**DATASET RECORDS**

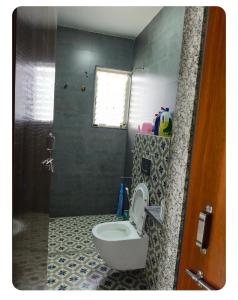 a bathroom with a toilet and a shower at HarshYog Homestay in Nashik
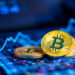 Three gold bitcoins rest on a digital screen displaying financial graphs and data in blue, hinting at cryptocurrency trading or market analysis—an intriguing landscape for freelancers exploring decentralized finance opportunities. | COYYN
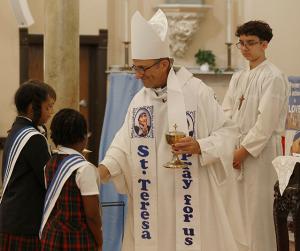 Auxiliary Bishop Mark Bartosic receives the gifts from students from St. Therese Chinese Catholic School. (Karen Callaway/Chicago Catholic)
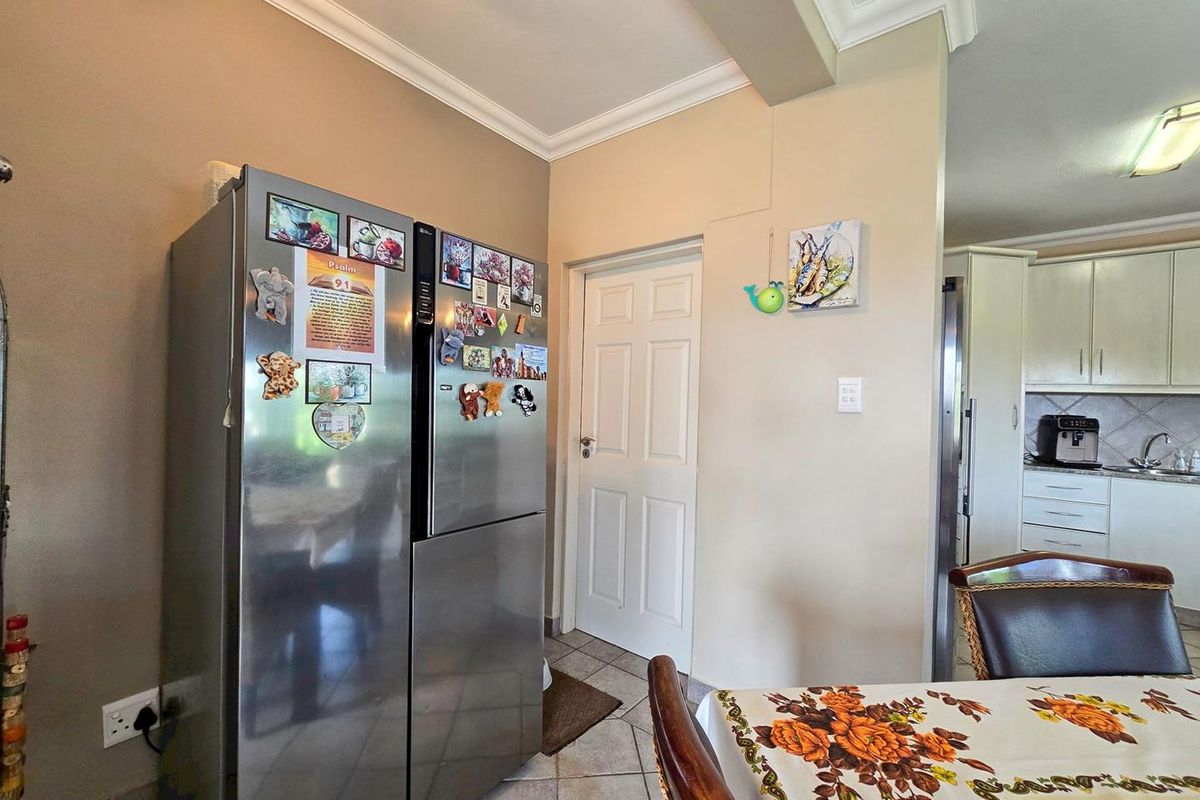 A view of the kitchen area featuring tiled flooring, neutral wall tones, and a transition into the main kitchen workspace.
--
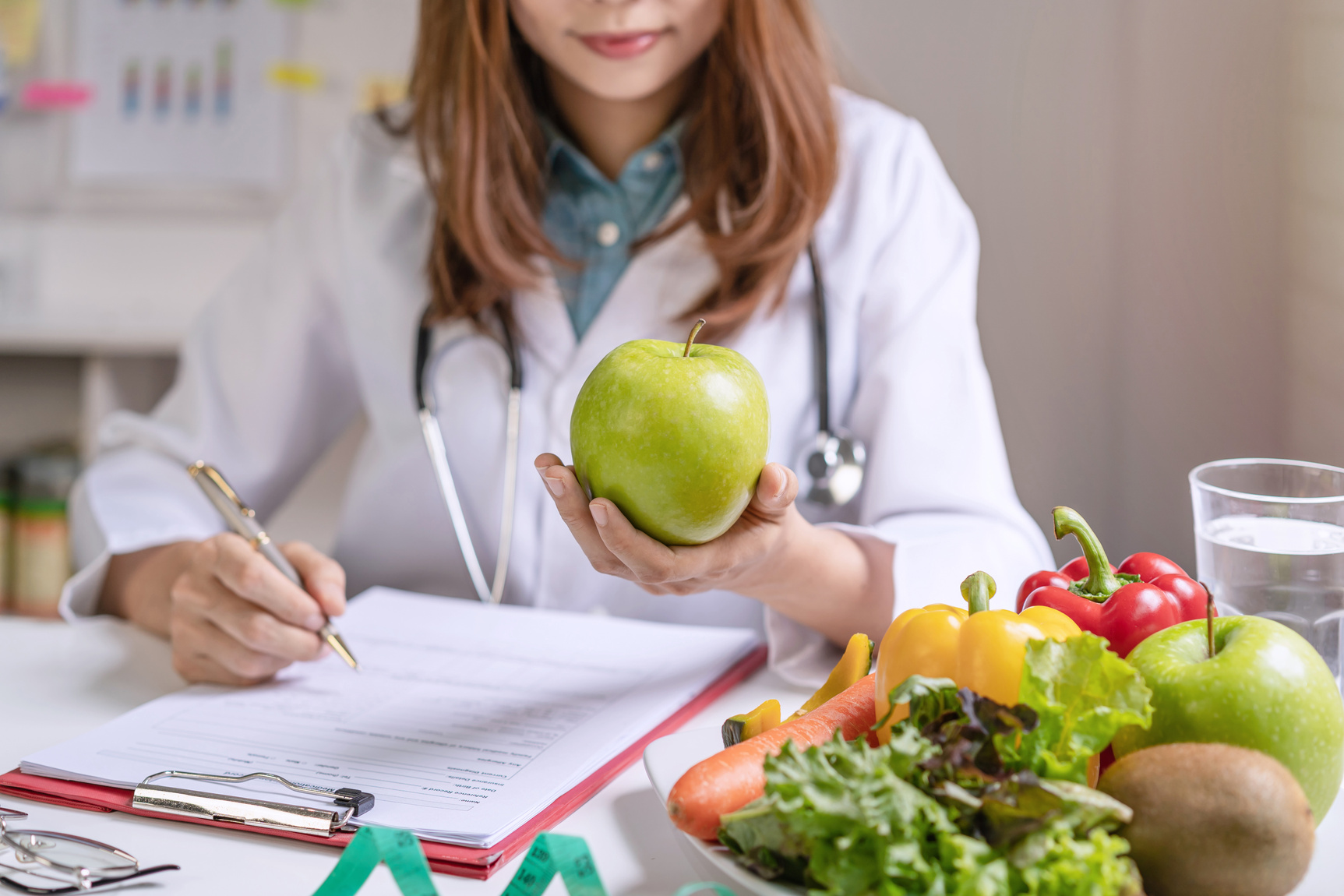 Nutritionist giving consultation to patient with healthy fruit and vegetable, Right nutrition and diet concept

**EXERCISE REQUIREMENTS**
Would you output the lines above from the line holding "Three gold bitcoins" up to and including the line holding "A view of the", exactly and only those, with no pictures?

**RESPONSE TO THE TASK**
 Three gold bitcoins rest on a digital screen displaying financial graphs and data in blue, hinting at cryptocurrency trading or market analysis—an intriguing landscape for freelancers exploring decentralized finance opportunities. | COYYN
 Auxiliary Bishop Mark Bartosic receives the gifts from students from St. Therese Chinese Catholic School. (Karen Callaway/Chicago Catholic)
 A view of the kitchen area featuring tiled flooring, neutral wall tones, and a transition into the main kitchen workspace.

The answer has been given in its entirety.